The article gives a good intro with some videos too, and describes how this framework allows for both developer productivity and great on-device performance.

It support creating native apps on both iOS and Android. You can see the project page itself at flutter.io.

2 : IoT security

This second item, because you can never have enough of security vulnerability news, is another look at real world security flaws in a number of IoT devices. As developers, it’s worth considering how and where our code will be deployed, and ensuring we do all have good security practices.

3 : AWS certified developer exam beta

Next is Amazon, launching a beta of their new certified AWS developer exam. If it’s something that appeals to you, then you can register your interest at that link.

I also like to be in a position to demonstrate my development expertise, skills and learnings. There are many many ways to do this, and sometimes some kind of certification can be useful, particularly where third party platforms and ecosystems are involved, so if you are looking to do more on AWS it’s worth looking at.

4 : Quitting Google

Finally for this week, is an article titled “Why I Quit Google to Work for Myself“. This article has been shared all over the internet, private chats this week, with many comments on Reddit and HN.

It’s a good look at what being a developer in a massive metrics driven organisation can look like.

Having worked in many types of development organisations, it’s always interesting to read about other people’s experience in different types of org. Some places are more suited to certain types of developers at different times than others, and I think it’s very healthy to acknowledge that.

So, that’s it for this week.

If you have any articles, announcements, tutorials, or anything else you think should be included next week, then just drop me an email.

Weekly developer news – February 23rd 2018

So, welcome edition 21 of developer news.

This week is similar to last week in that I don’t have anything in the way of libraries, frameworks, languages, or updates of that nature, but again  have a few links that I feel are worth looking at relating to tech debt, deployments, and breaking linux servers.

1 : How the UK government measures technical debt

First up is an article describing how the gov.uk classify and measure technical debt. It’s great to see a rational approach describing the strategy they use as well as some examples of decisions they have had to make to either address some technical debt, or decide to take some technical debt on board.

2 : Key logging in CSS

This second item is a GitHub repository demonstrating how a CSS file can be generated that allows key logging of sites the script is included on.

It’s quite a simple principle, using CSS selectors to make requests to external URLs under the pretence of loading a background image.

I think it’s a bit much to call it a key logger, as it is just operating on CSS selectors, so more useful for capturing data from forms, and even then there has to be a way to get the CSS on the page.

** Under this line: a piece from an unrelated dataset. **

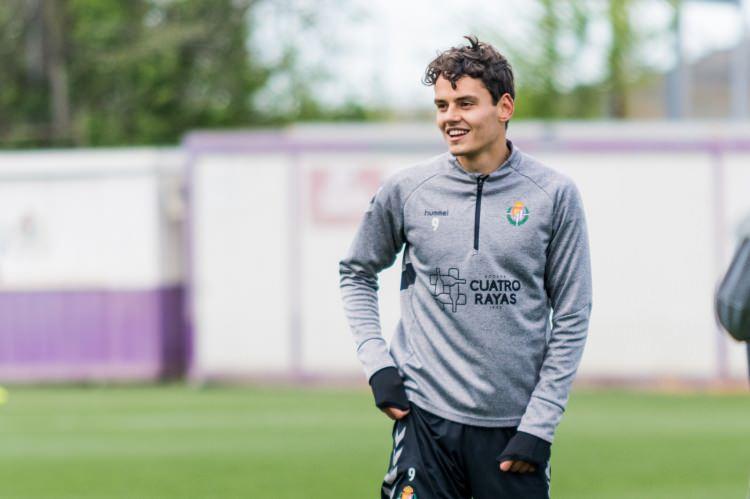 <p><strong>Enes Ünal</strong></p>
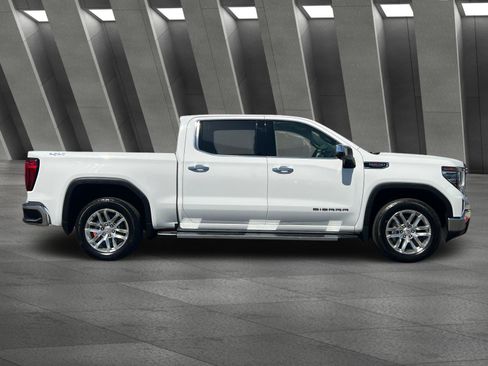 Used 2024 GMC Sierra 1500 SLT w/ SLT Premium Plus Package AWD/4WD image 3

I think it’s worth looking at, if not from being concerned about security, then from a point of seeing how CSS can be abused.

3 : NPM 5.7.0 changes file permissions, breaks servers

Next is a GitHub issue for NPM version 5.7.0. Many users found that this particular version of NPM was changing key file permissions on their servers, including directories like /etc, causing many server issues, and for some users meant they had to reinstall the OS.

There’s a lot of interesting discussion on reddit about this npm issue too.

It’s a great reminder as to why we shouldn’t run tools like this as root, and also good to see that they turned a fix around pretty quickly, so update to 5.7.1 if you haven’t already!

4 : IBM Java CTO on Deployment

Finally for this week, is an interview with The Register with IBM’s Java CTO John Duomovich discussing Java, and focusing on deployment. He talks about how developers, and obviously Java developers shouldn’t have to learn Docker, K8s and many other tools just to deploy an app.

Obviously there is a massive IBM bias here, claiming their tools solve all. It has provoked many comments. On this reddit topic alone, there are currently 1200 comments!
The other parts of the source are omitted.